As drugs and medical procedures become more complex, payer teams need a foundation of aligned data and clinical content to improve member experiences and make informed business decisions.
Current payer challenges require clean, evidence-based data strategies
The payer industry is experiencing shifts across the organizational enterprise and ecosystem.
One of the biggest challenges is rising costs—a PwC report projects an 8% year-on-year medical cost trend for the group market and 7.5% for individuals in 2025, mostly driven by inflation, prescription drug spending, and behavioral health utilization. Additional industry challenges include:
- Meeting value-based care initiatives and unlocking insights for reporting
- Evolving health equity standards from the Centers for Medicare & Medicaid (CMS)
- Maintaining and improving Stars and HEDIS ratings
- Emerging drug therapies and specialty drugs impacting policy plans, especially GLP-1 drugs
- Constantly evolving medical evidence
- Advancements in artificial intelligence (AI) in areas like risk adjustment
What do these challenges have in common? They all highlight the need for a quality foundation in data infrastructure, analytics, and clinical evidence. Meeting these industry challenges and providing a quality, effective member experience relies on teams having centralized, evidence-based data to have clear visibility into business outcomes.
With insight into data and health information across the payer organization, teams are better aligned, cost savings can be identified, policy design and benefits can be easier to build, and members can more easily navigate the system. Clean, aligned data is also easier to report, analyze, and optimize to meet current and future challenges.

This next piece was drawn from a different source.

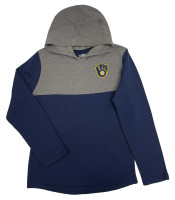 Fanatics Men's MLB Milwaukee Brewers Backcheck Pullover Hoodie – Navy/Gray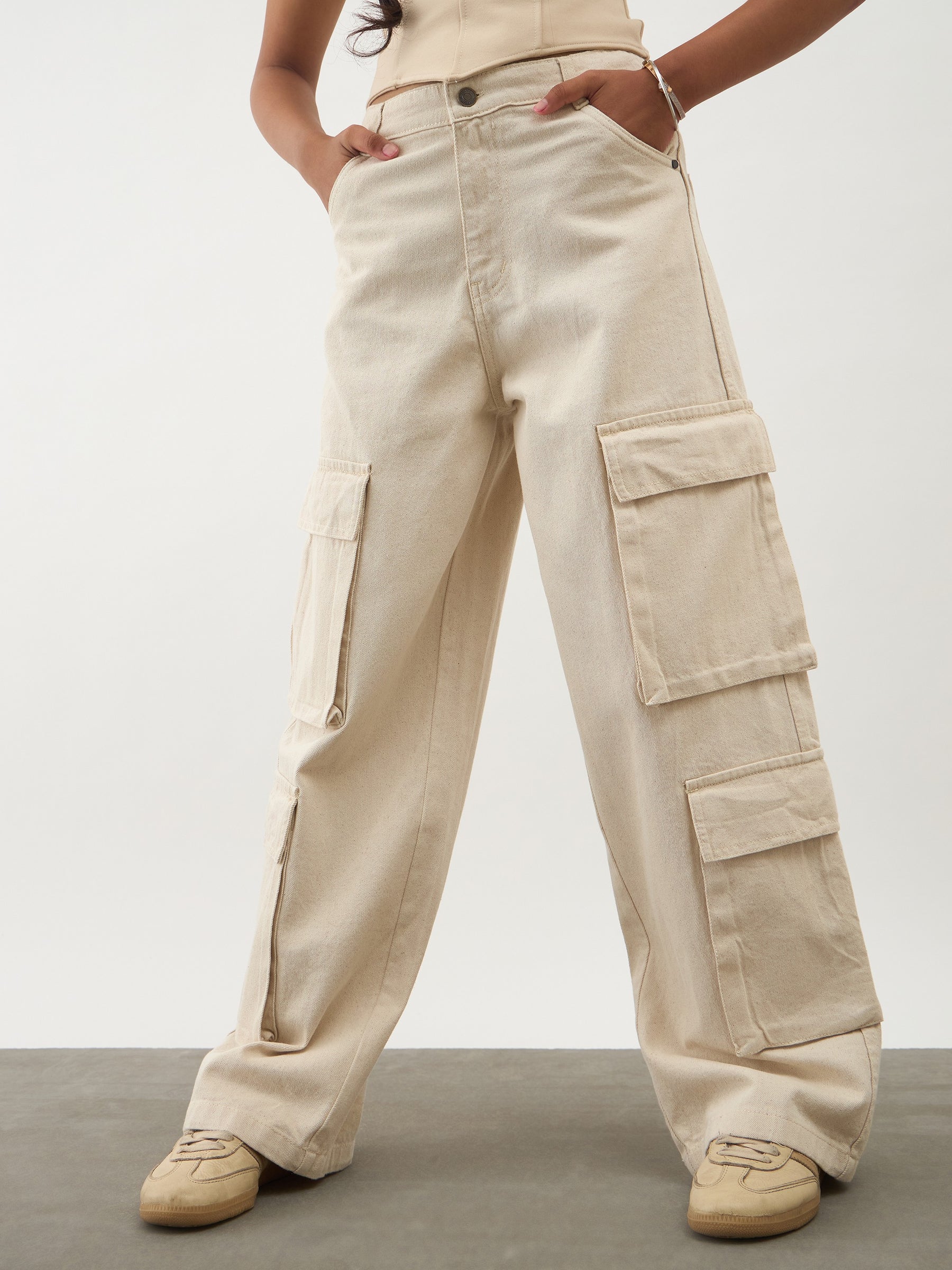 Beige Multi Pockets Denim Cargo Jeans-Noh.Voh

Data transformation: Aligning infrastructure across the healthcare ecosystem
The backbone of any payer organization is having the right enterprise-level data strategy to support business challenges and goals. However, many payer organizations have siloed data, impacting their ability to address challenges like population-level reporting, analytics, and interoperability. According to Gartner, poor data quality costs organizations $12.9 million annually, and data scientists spend between 50-80% of their time collecting, cleaning, and preparing data before it can be used.
Without clean, updated, and normalized data, payer organizations are unable to accurately analyze member health, report on quality measures, inform population health initiatives, or make care management decisions to improve member safety and outcomes.